L’incontro al ministero del Lavoro, con il sottosegtretario Claudio Durigon e le parti sociali, ha dunque avuto lo stesso epilogo dell’ultimo tavolo di settembre 2023: sono emerse due diverse posizioni tra imprese e sindacati.

Le imprese: c’è un’ampia strumentazione che va applicata

Le associazioni datoriali dell’industria, del commercio, artigianato, agricoltura, del mondo della cooperazione hanno espresso la stessa posizione. Sintetizzabile nell’intervento del rappresentante di Confindustria. «c’è la massima attenzione a garantire la salvaguardia delle condizioni di sicurezza dei lavoratori – hanno detto da Viale dell’Astronomia -. Non servono misure ulteriori, abbiamo già una vasta strumentazione normativa ed applicativa che si occupa anche della gestione del caldo per i lavoratori esposti al caldo, che comprende le indicazioni del ministeri del Lavoro e della Salute, di Inl, Inail, Asl, circolari Inps, ordinanze regionali. Talvolta questi strumenti fanno riferimento a parametri diversi, è il caso del bollettino del ministero della Salute e del worklimate, il portale Inail. Ma soprattutto in capo al datore di lavoro c’è la valutazione di tutti i rischi, che comprende le condizioni di caldo estremo. L’ennesimo appesantimento burocratico non rappresenta la soluzione, vanno applicate le norme esistenti».

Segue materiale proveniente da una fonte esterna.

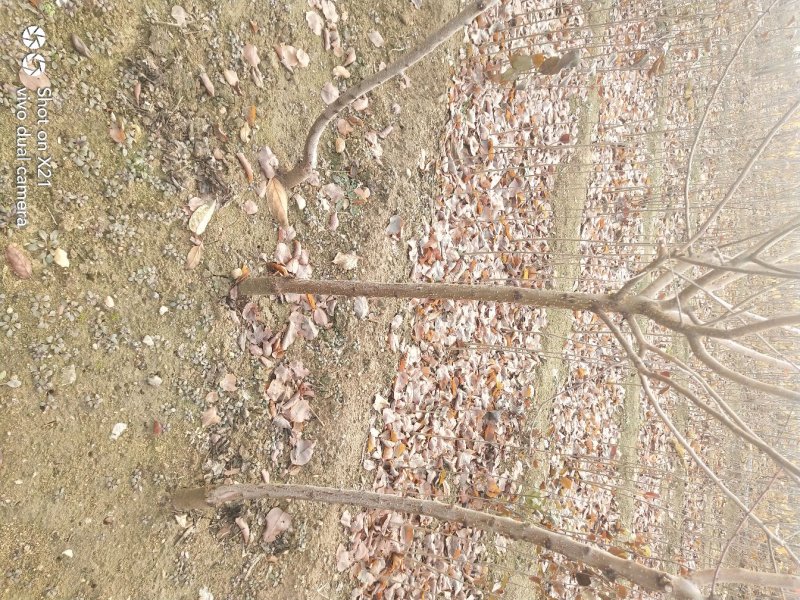 珍珠油杏树苗凯特杏金太阳红杏树苗基地直销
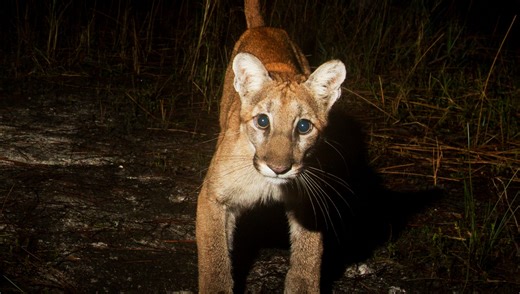 Panther pangs: How I may have contributed to the demise of our state animal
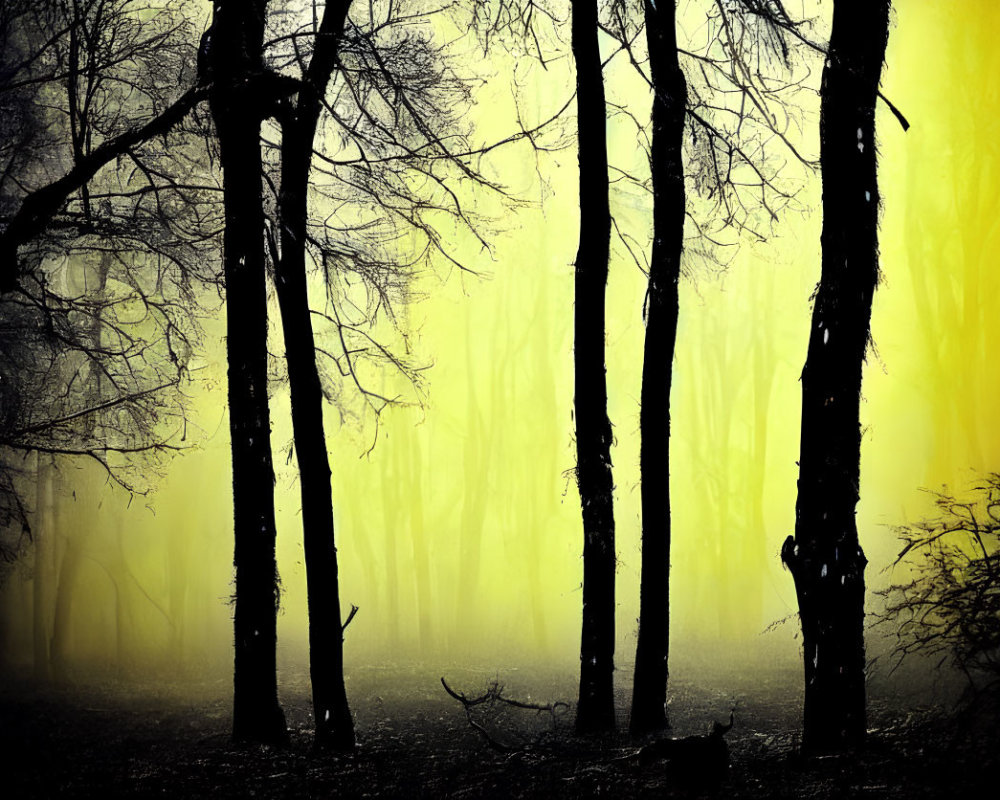 Silhouetted trees in eerie forest with glowing yellow fog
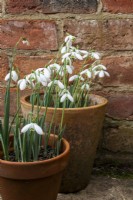 Snowdrops in terracotta pots against a reclaimed brick wall.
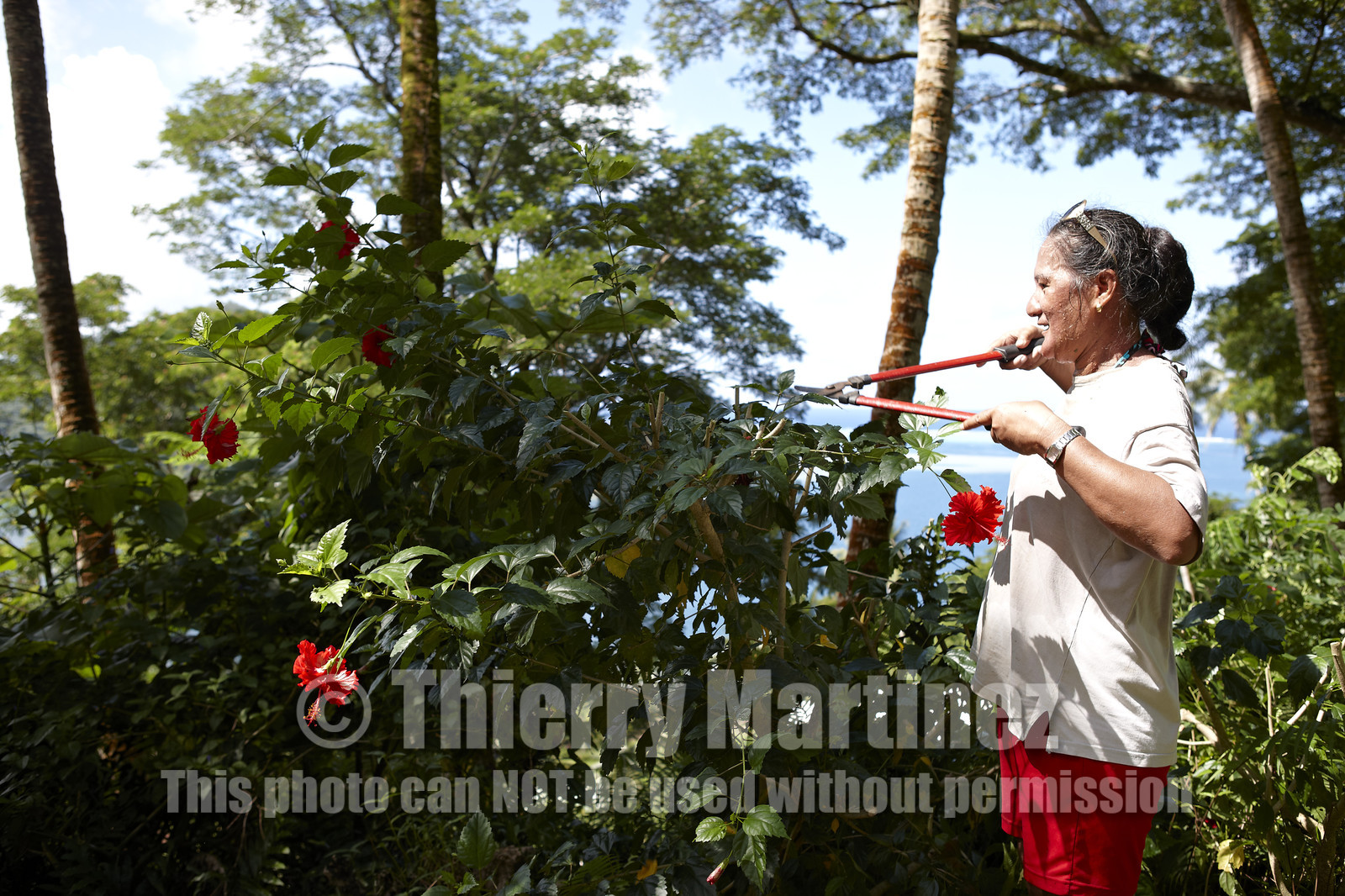 15_024358  ©ThMartinez Sea&Co.  RAIATEA - ILES SOUS LE VENT. POLYNESIE FRANCAISE .  2 Février 2015. ..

L’altra preocupazione delle imprese, espressa dall’Ance è che nei casi in cui le ordinanze regionali prevedano interruzioni dell’attività lavorativa nelle ore calde, negli appalti pubblici e privati non si faccia ricadere la responsabilità del ritardo nella consegna dei lavori sull’impresa esecutrice.

I sindacati: estendere le protezioni a tutti i settori comprendendo gli stagionali

Per Francesca Re David (Cgil) «abbiamo una legislazione che dice che oltre 35 gradi, con differenze tra al chiuso e all’aperto, non si può lavorare ma non dice che cosa succede se continui a lavorare. Vogliamo ammortizzatori sociali che consentano anche agli stagionali e non solo ai tempi indeterminati, agli edili e a tutti, di aiutare l’interruzione del lavoro, una diversa organizzazione del lavoro concordata col sindacato laddove si può intervenire rispetto a questo rischio e vogliamo una norma cogente».